Gunman, 15, Kills 5 People Along North Carolina Green Line


The gunman who killed five people along a trail in the North Carolina capital was a 15-year-old boy who was hospitalized in critical condition, police said.

Raleigh Sheriff Estella Patterson told reporters the suspect opened fire Thursday on a green road in the northeast area of ​​downtown. He then evaded officers for hours before being herded into a house and arrested, police said.

A 16-year-old boy and a police officer on duty were among the dead.

Authorities did not give any details about the motive.

A police officer on duty was among those killed by the suspect on Thursday, who police only described as a young white male. He was arrested around 9:37 p.m., authorities said. His identity and age were not disclosed. North Carolina law defines a minor as anyone under the age of 18.

Gunfire broke out around 5 p.m. along the Neuse River Greenway in a residential area northeast of downtown, Mayor Raleigh Mary-Ann Baldwin said. Officers from multiple law enforcement agencies flooded the area, closing roads and warning residents to stay inside as they searched for the shooter.

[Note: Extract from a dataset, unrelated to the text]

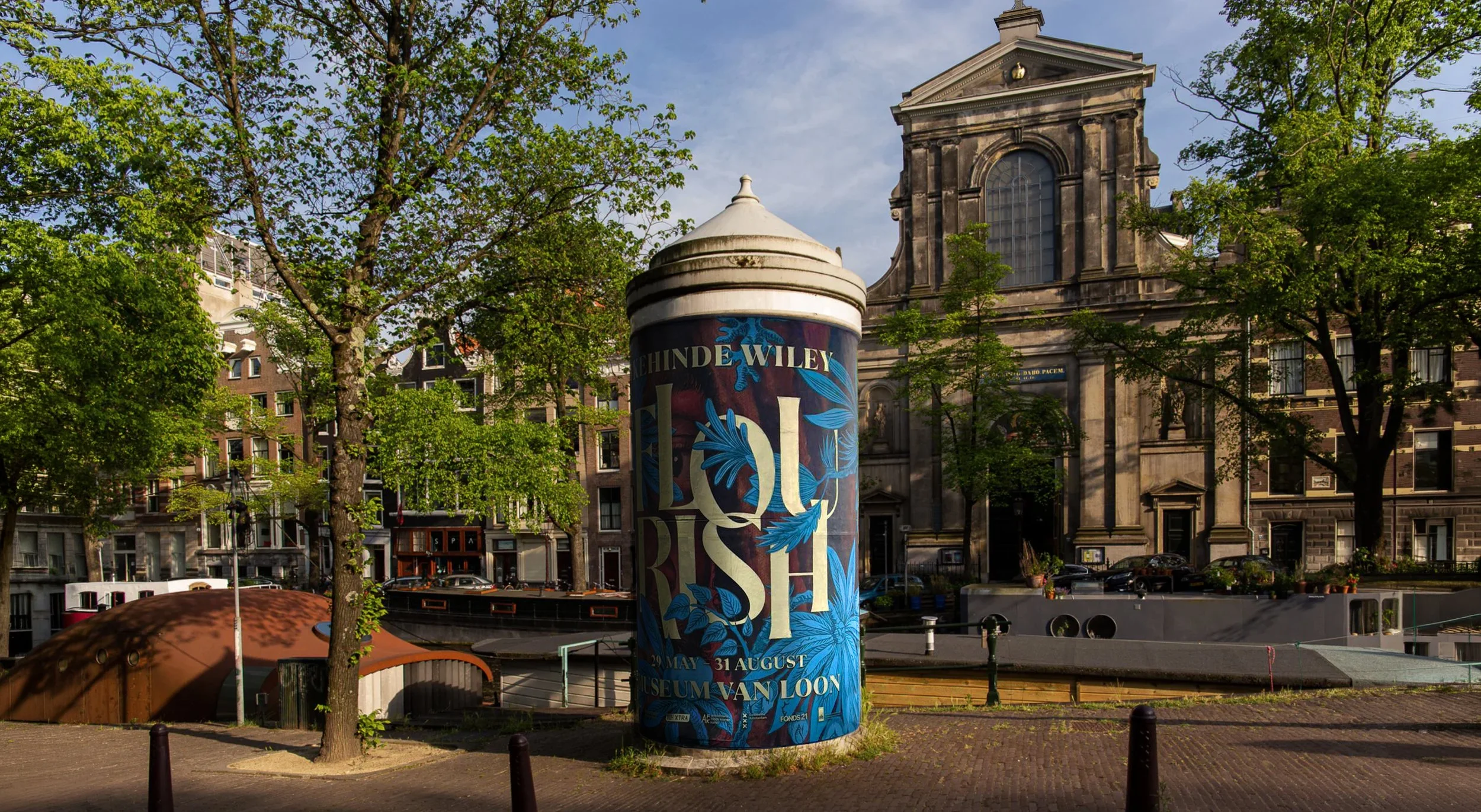 Outdoor street poster for the “Keninde Wiley” Flourish exhibition at Museum Van Loon in Amsterdam, poster illustration and pattern by Automne Studio.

Two people, including another police officer, were taken to hospital. The officer was later released, but the other remains in critical condition.

Governor Roy Cooper told reporters: “Tonight, terror has struck our doorsteps. The nightmare of every community has come to Raleigh. This is a senseless and horrifying act of violence. .”

Authorities did not give any details of a motive, but Baldwin joined Cooper in criticizing the violent behavior.

“We have to stop this mindless violence in America, we have to tackle gun violence,” the mayor said. “We have much to do, and tonight we have much to mourn.”

Early Friday, authorities searched a home a few blocks from where the shooting took place, WRAL-TV said.

The Raleigh shooting was the latest in a week of violence across the country. Five people were killed Sunday in a shooting at a home in Inman, South Carolina. On Wednesday night, two police officers were fatally shot in Connecticut after appearing to be drawn into an ambush by an emergency call about possible domestic violence. Police officers were shot this week in Greenville, Mississippi; Decatur, Illinois; Philadelphia, Las Vegas and central Florida. Two of those officers, one in Greenville and one in Las Vegas, were killed.

Thursday’s violence was the 25th mass murder in 2022 in which victims were shot dead, according to The Associated Press / USA TODAY / Northeastern University Mass Killings database. A mass murder is defined as when four or more people are killed regardless of the perpetrator.

Brooke Medina, who lives in a neighborhood bordering the green, was driving home about 5:15 p.m. when she saw about two dozen police cars, both marked and unmarked, driving toward a residential neighborhood about a block away from the center. Raleigh city center is about 14 km. . Then she saw the ambulance speeding in the other direction, towards the nearest hospital.

She and her husband, working from home with their four children, began reaching out to neighbors and realized there was a shelter in place.

Medina, who works as a vice president of communications for a think tank, said the family had closed all the window blinds, locked the doors and gathered in an upstairs hallway. The family listened to police scanners and watched local news before heading back downstairs as the danger appeared to have moved further away from their home.

“We’re just going to hide out for the rest of the night and stay vigilant. Let’s keep all our lights on, the doors locked,” she said.

She describes the neighborhood known as Hedingham as a large, tree-lined community filled with single-family homes, two-story apartments and townhouses that are more moderately priced than other areas. other of the Raleigh area.

Allison Greenawalt, 29, who also lives in the neighborhood, said she was sitting on the couch with her cat around 5pm when she heard “three shots in quick succession”. She said the police arrived quickly and that she was grateful they were there during the tumultuous hours as she took shelter inside. Meanwhile, her husband tried to drive home after the shooting and was turned away by police closing nearby streets, and he didn’t get home until about 10:30 p.m., she said. speak.

“I sat in our house with the lights off and the windows closed most of the evening, just waiting to hear that” the shooter had been arrested, she said.

Dazio reports from Los Angeles. Associated Press writers Michael Kunzelman of Silver Spring, Maryland and Gary D. Robertson and Allen G. Breed of Raleigh contributed to this report.